*** Records for this task Section Begins ***

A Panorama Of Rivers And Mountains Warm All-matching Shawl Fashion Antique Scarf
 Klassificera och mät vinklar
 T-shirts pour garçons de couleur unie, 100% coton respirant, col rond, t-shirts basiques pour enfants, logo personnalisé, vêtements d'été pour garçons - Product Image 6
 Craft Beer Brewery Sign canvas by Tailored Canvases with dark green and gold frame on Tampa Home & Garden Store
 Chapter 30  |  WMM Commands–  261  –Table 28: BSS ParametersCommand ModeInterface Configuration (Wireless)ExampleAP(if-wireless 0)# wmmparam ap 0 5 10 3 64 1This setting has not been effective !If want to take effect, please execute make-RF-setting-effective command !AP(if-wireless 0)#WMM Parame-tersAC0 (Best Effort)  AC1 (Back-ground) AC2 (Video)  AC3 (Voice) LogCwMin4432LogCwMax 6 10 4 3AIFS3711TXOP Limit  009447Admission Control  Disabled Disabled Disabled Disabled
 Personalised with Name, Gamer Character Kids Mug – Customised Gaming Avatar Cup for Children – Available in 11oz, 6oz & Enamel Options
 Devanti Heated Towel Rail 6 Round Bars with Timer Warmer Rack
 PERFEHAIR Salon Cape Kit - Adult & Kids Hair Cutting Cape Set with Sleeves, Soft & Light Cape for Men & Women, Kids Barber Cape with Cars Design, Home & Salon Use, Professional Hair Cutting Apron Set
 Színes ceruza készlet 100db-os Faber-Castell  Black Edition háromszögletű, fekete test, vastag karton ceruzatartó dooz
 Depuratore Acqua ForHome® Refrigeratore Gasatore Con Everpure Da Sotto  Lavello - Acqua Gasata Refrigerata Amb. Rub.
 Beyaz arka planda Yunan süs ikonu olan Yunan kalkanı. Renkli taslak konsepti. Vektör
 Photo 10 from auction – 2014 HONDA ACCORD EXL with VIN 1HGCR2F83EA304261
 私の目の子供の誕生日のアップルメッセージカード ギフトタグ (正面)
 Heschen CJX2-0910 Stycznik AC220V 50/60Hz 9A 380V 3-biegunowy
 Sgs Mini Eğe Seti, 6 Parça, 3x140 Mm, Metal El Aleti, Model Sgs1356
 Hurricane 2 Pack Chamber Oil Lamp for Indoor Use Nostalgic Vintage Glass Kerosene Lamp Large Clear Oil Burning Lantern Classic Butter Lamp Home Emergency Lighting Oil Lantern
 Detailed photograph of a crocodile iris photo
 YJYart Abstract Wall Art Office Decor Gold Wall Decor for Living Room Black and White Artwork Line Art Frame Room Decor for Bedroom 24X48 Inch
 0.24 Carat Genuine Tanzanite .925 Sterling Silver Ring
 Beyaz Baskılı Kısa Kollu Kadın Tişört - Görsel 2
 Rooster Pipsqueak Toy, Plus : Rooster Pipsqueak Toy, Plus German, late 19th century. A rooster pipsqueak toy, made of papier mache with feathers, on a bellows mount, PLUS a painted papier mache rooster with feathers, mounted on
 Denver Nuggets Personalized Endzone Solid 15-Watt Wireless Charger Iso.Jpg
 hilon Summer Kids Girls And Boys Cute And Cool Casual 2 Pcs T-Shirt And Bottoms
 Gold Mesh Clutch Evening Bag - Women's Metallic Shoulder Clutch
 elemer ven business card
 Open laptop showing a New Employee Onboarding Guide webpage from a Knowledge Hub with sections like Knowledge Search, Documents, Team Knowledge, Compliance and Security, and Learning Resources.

*** Records for this task Section Ends ***

* _What the exercise asks_: Start with the line above that contains "Craft Beer Brewery" and stop after the line that contains "私の目の子供の誕生日のアップルメッセージカード ギフトタグ (正面)". Output those lines exactly, and only those.

* _Task answer_:
 Craft Beer Brewery Sign canvas by Tailored Canvases with dark green and gold frame on Tampa Home & Garden Store
 Chapter 30  |  WMM Commands–  261  –Table 28: BSS ParametersCommand ModeInterface Configuration (Wireless)ExampleAP(if-wireless 0)# wmmparam ap 0 5 10 3 64 1This setting has not been effective !If want to take effect, please execute make-RF-setting-effective command !AP(if-wireless 0)#WMM Parame-tersAC0 (Best Effort)  AC1 (Back-ground) AC2 (Video)  AC3 (Voice) LogCwMin4432LogCwMax 6 10 4 3AIFS3711TXOP Limit  009447Admission Control  Disabled Disabled Disabled Disabled
 Personalised with Name, Gamer Character Kids Mug – Customised Gaming Avatar Cup for Children – Available in 11oz, 6oz & Enamel Options
 Devanti Heated Towel Rail 6 Round Bars with Timer Warmer Rack
 PERFEHAIR Salon Cape Kit - Adult & Kids Hair Cutting Cape Set with Sleeves, Soft & Light Cape for Men & Women, Kids Barber Cape with Cars Design, Home & Salon Use, Professional Hair Cutting Apron Set
 Színes ceruza készlet 100db-os Faber-Castell  Black Edition háromszögletű, fekete test, vastag karton ceruzatartó dooz
 Depuratore Acqua ForHome® Refrigeratore Gasatore Con Everpure Da Sotto  Lavello - Acqua Gasata Refrigerata Amb. Rub.
 Beyaz arka planda Yunan süs ikonu olan Yunan kalkanı. Renkli taslak konsepti. Vektör
 Photo 10 from auction – 2014 HONDA ACCORD EXL with VIN 1HGCR2F83EA304261
 私の目の子供の誕生日のアップルメッセージカード ギフトタグ (正面)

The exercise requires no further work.